Alors que les plaintes pour agressions sexuelles ont augmenté de presque un tiers en octobre par rapport à l’année dernière à la même époque, les patrons de la police et de la gendarmerie nationales avouent avoir « encore de la marge » dans l’accueil des victimes. Ils misent sur la formation et se prononcent en faveur de la captation vidéo lors du dépôt de plainte.
Lutter contre les violences faites aux femmes en général, et les viols en particulier, c’est l’objectif que s’est fixée la Délégation aux droits des femmes de l’Assemblée dans les prochains mois. Afin de mieux comprendre le hiatus entre le nombre de viols et le dépôt de plainte effectif des victimes, les députés ont auditionné les responsables des forces de l’ordre le 5 décembre.
Chaque année selon l’INSEE, 200 000 personnes de 18 à 75 ans se disent victimes de violences sexuelles (viols, tentatives de viols, attouchements, atteintes ou exhibitions sexuelles). Un chiffre qui ne se traduit pas toujours dans les commissariats et gendarmeries : dans les cas de viols par exemple, « moins de 10% des femmes et des hommes portent plainte ».
Un effet Weinstein ?
« Je suis allée dans un commissariat à Tours, c’est la cour des miracles ! », fustige la députée Sophie Auconie (UDI, Agir et Indépendants). L’élue relate la difficulté des victimes à porter plainte dans un environnement serein.

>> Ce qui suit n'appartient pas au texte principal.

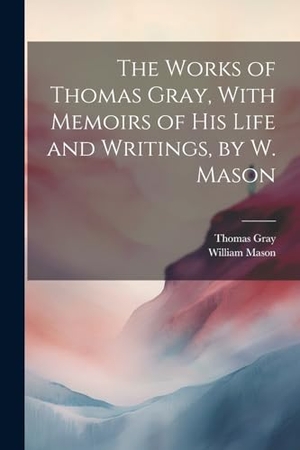 Mason, William / Thomas Gray. The Works of Thomas Gray, With Memoirs of His Life and Writings, by W. Mason. Creative Media Partners, LLC, 2000.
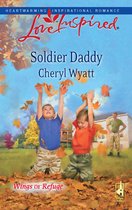 Soldier Daddy (Mills & Boon Love Inspired) (Wings of Refuge - Book 5)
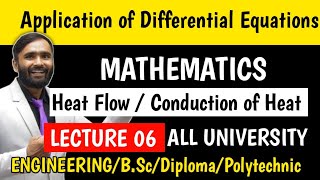 Applications of Differential EquationsFOURIERS LAW OF HEAT FLOW CONDUCTION OF HEATLecture 06 [upl. by Anihpled595]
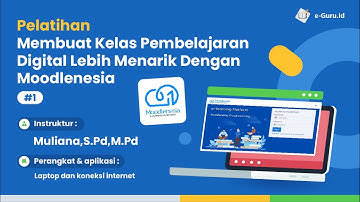 PELATIHAN MEMBUAT KELAS PEMBELAJARAN DIGITAL LEBIH MENARIK DENGAN MOODLENESIA #Juli2022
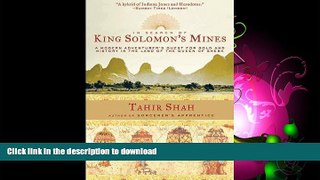FAVORITE BOOK  In Search of King Solomon s Mines: A Modern Adventurer s Quest for Gold and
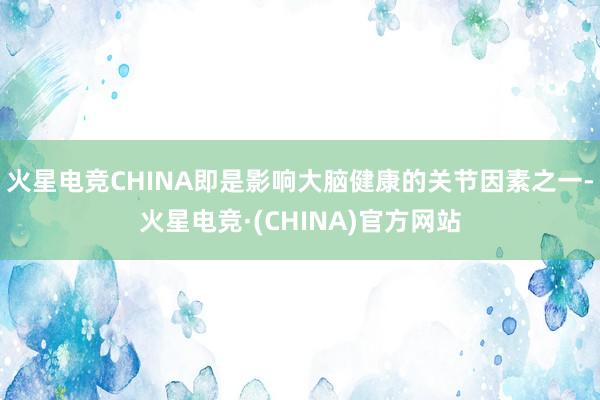 火星电竞CHINA即是影响大脑健康的关节因素之一-火星电竞·(CHINA)官方网站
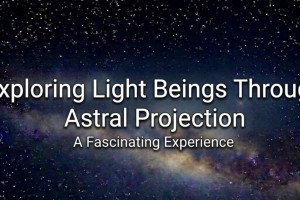 Exploring Light Beings Through Astral Projection: A Fascinating Experience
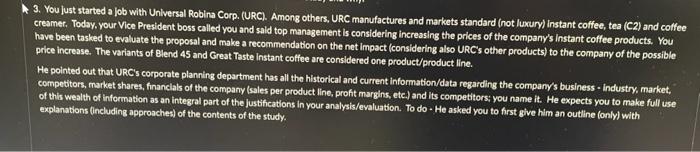 3 You Just Started A Job With Universal Robina Corp Urc Among Others Urc Manufactures And Markets Standard Not Lu 1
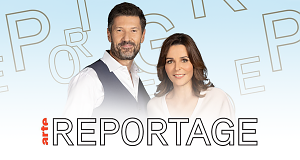 ARTE Reportage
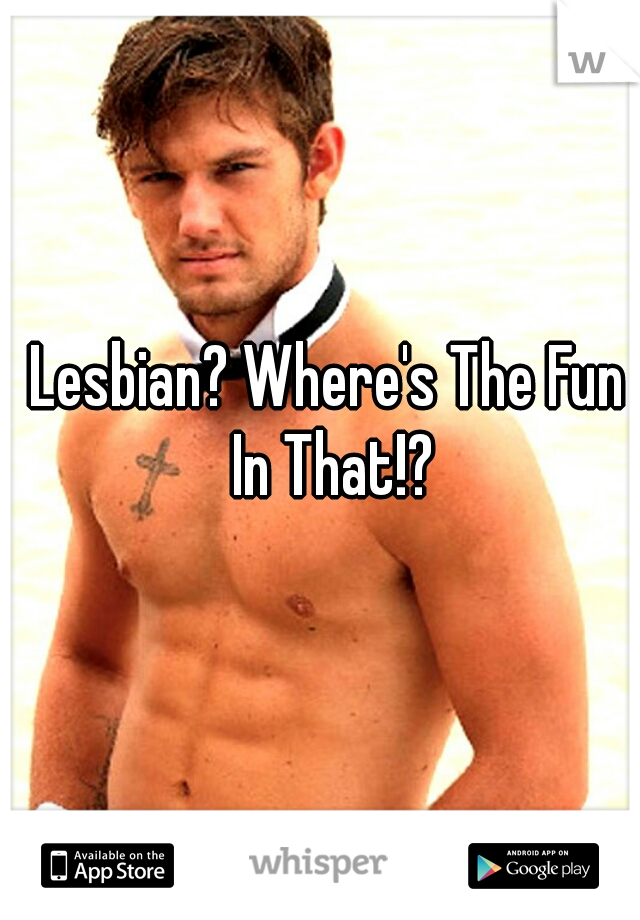 Lesbian? Where's The Fun In That!?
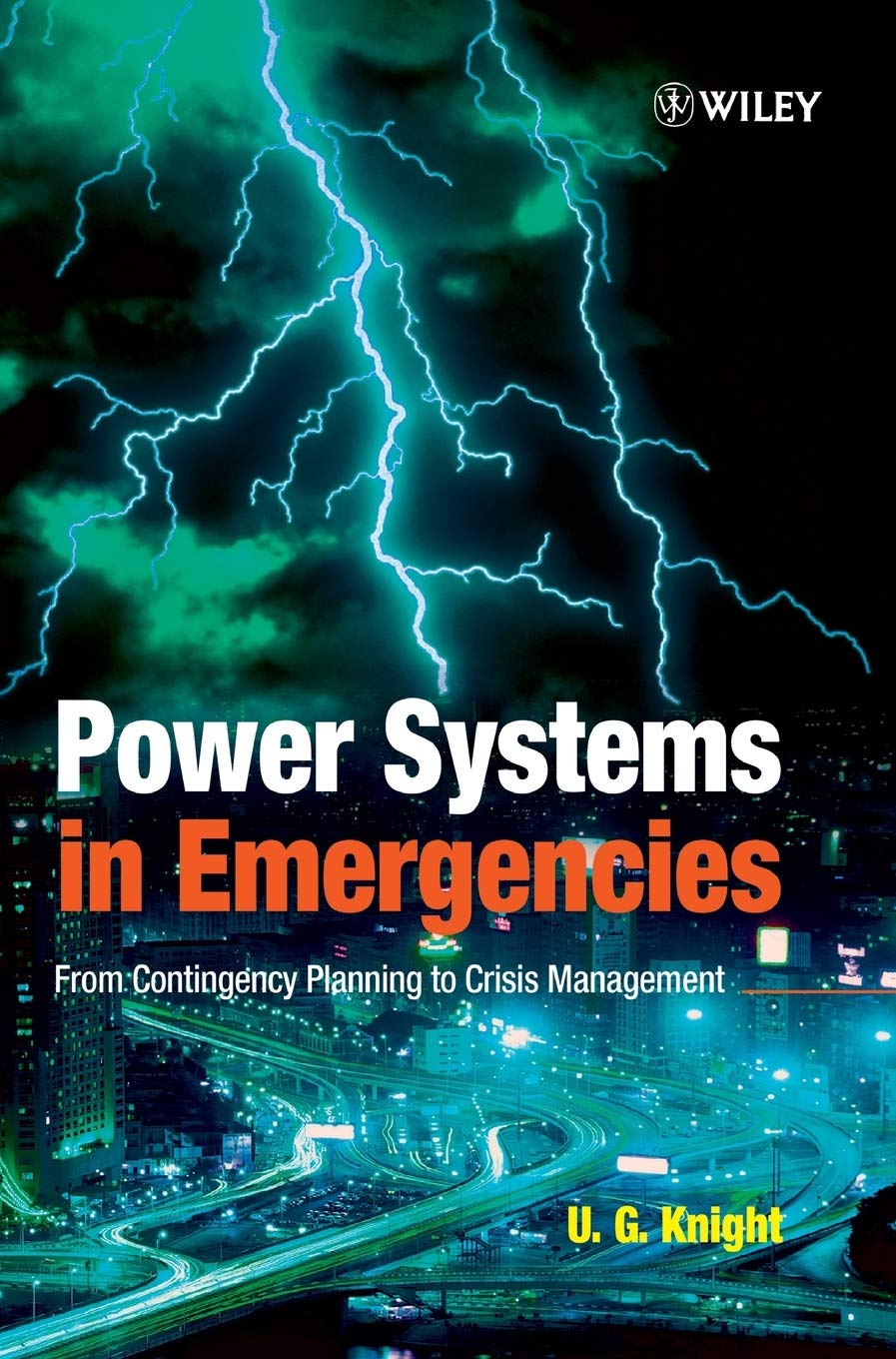 Power Systems In Emergencies: From Contingency Planning To Crisis Management,Used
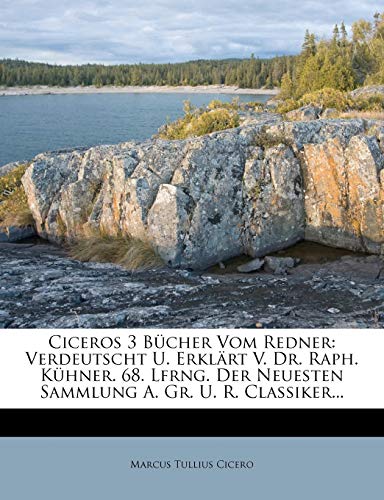 Ciceros 3 Bücher Vom Redner: Verdeutscht U. Erklärt V. Dr. Raph. Kühner. 68. Lfrng. Der Neuesten Sammlung A. Gr. U. R. Classiker...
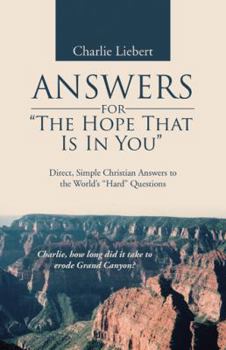 Paperback ANSWERS for "The Hope That Is in You": Direct, Simple Christian Answers to the World's "Hard" Questions Book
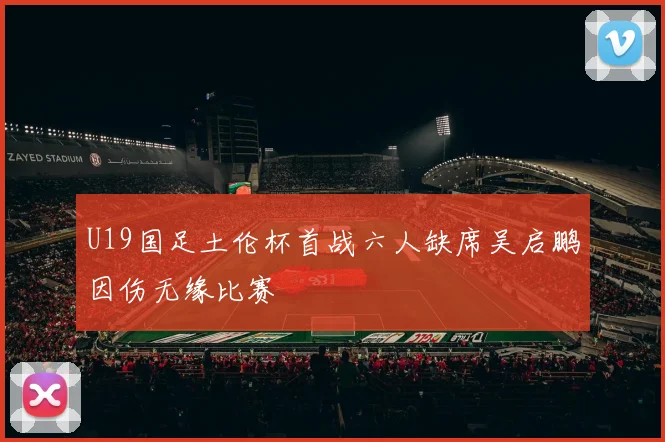 U19国足土伦杯首战六人缺席吴启鹏因伤无缘比赛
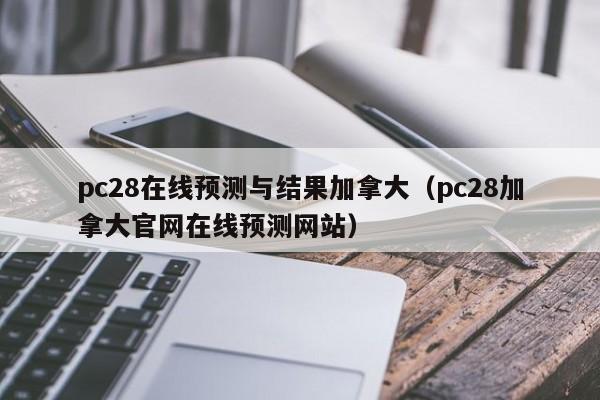 pc28在线预测与结果加拿大（pc28加拿大官网在线预测网站）-第1张图片-pc28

Le directeur de la gendarmerie nationale, le général Richard Lizurey, le reconnaît sans détour : « Mal accueillir une victime de viol n’est pas acceptable ». Et, oui, « il y a encore de la marge » pour améliorer les conditions de recueil des plaignant(e)s, confirme son homologue de la police, Éric Morvan.
C’est « parfois un manque d’empathie, parfois un manque de formation, parfois un manque de professionnalisme... », énumèrent les deux patrons de forces de l’ordre.
Une situation aggravée par la recrudescence des plaintes en octobre : dans le sillage de l’affaire Weinstein, les plaintes pour violences sexuelles ont augmenté de 23% en zone police et de 30% en zone gendarmerie par rapport à la même période, en 2016.
Filmer la première audition
Parmi les pistes avancées pour améliorer la prise en charge des victimes, la captation vidéo de leur première audition fait son chemin. Une idée « essentielle dans la résolution de ce genre d’affaires », selon le patron des gendarmes :
Il faut absolument enregistrer les déclarations dès le départ. On a les moyens de le faire, faisons-le !
Général Richard Lizurey, 5 décembre 2017
Le matériel vidéo permettrait notamment de mieux appréhender le langage « non-verbal » d’une déclaration (geste, ton, émotion...).
Pourquoi si peu d’affaires élucidées ?
Les députés s’interrogent aussi sur le faible taux d’élucidation des plaintes (environ 10% des cas). « Il peut y avoir des retraits de plainte, ou parfois l’enquête n’arrive pas à démonter les faits ou à retrouver l’auteur », commente le patron de la police nationale Éric Morvan, qui estime qu’il faudrait « sans doute approfondir cette question ».
De son côté, le général Lizurey préconise de rappeler aux officiers de police et de gendarmerie que ce n’est pas parce qu’une plainte est retirée que la justice ne peut faire son travail : le procureur peut toujours décider de poursuivre l’enquête.